BIG is one ambitious architectural firm and their latest imaginative endeavor is called Oceanix City and it’s a concept for floating villages that can withstand hurricanes. Their first prototype will be built on New York’s East River. More images and info at Dezeen (via Dezeen)
- Julian Schnabel talks to the Guardian and this interview is full of weird comments, but this paragraph is … well, unique:
Then he moves on to the furore surrounding Open Casket, Dana Schutz’s painting of Emmett Till, the 14-year-old African-American boy who was lynched in Mississippi in 1955 for wolf whistling at a white woman. When it was included in the Whitney Biennial in 2017, there was an outcry over whether a white artist has the right to use such subject matter as source material. “Why can’t a white person tell the story of a black person?” he asks. “I made a film about Jean-Michel Basquiat. Was I exploiting him by making that movie about him? I think I did him a solid by making that film. My daughter Lola says: ‘Everyone is pink inside.’

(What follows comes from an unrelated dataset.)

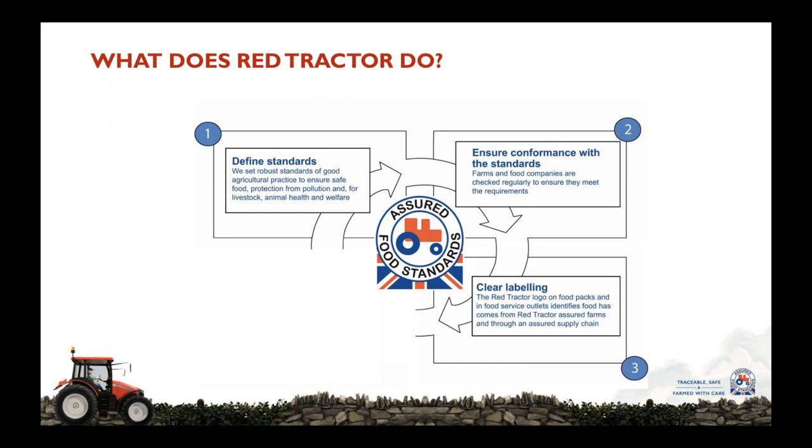Thirdly, it's important that we can identify those food packs which meet the requirements of the Red Tractor standards, and we do that through clear labelling through the use of the Red Tractor logo. It's vitally important that we control the use of that logo so that it only appears on food that meets all of our requirements. To do that, companies have to be licensed, and to be licensed they have to follow all of our rules, which includes independent inspections at any time of their plants to ensure they are continuing to comply. This adds to the robust compliance and the integrity of what Red Tractor delivers.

- Presenting the Black Space Manifesto, and who wrote it, you ask?:
We are Black urban planners, architects, artists, activists, and designers working to protect and create Black spaces. Our work includes a range of activities from engagement in historically Black neighborhoods, to hosting cross-disciplinary convenings and events.
While what we do is very important, the way we do it is also critical. Acknowledging our past oppressions, triumphs, future aspirations, and challenges, we’ve created this manifesto to guide our growth as a group and our interactions with partners and communities. We push ourselves, our partners, and our work closer to these ideals so we may realize a future where Black people, Black spaces, and Black culture matter and thrive.
- Hua Hsu, writing for the New Yorker, writes about the critical work of Greg Tate and how it helped him think of criticism as art:
For a generation of critics, Tate’s career has served as a reminder that diversity isn’t just about a splash of color in the group photo; it’s about the different ways that people see, feel, and move within the world. These differences can be imperceptible, depending on where your eye lingers as you scan the newsroom. What made Tate’s criticism special was his ability to theorize outward from his encounters with genius and his brushes with banality—to telescope between moments of artistic inspiration and the giant structures within which those moments were produced. “Flyboy 2,” published earlier this month by Duke University Press, largely consists, like its predecessor, of critical essays, interviews, profiles, and short riffs. But, a quarter of a century on, the question animating his work has come into sharper focus. What he’s been exploring through his criticism has been something “less quantifiable,” as he puts it, than culture, identity, or consciousness. What Tate wants to understand is “the way Black people ‘think,’ mentally, emotionally, physically,” and “how those ways of thinking and being inform our artistic choices.”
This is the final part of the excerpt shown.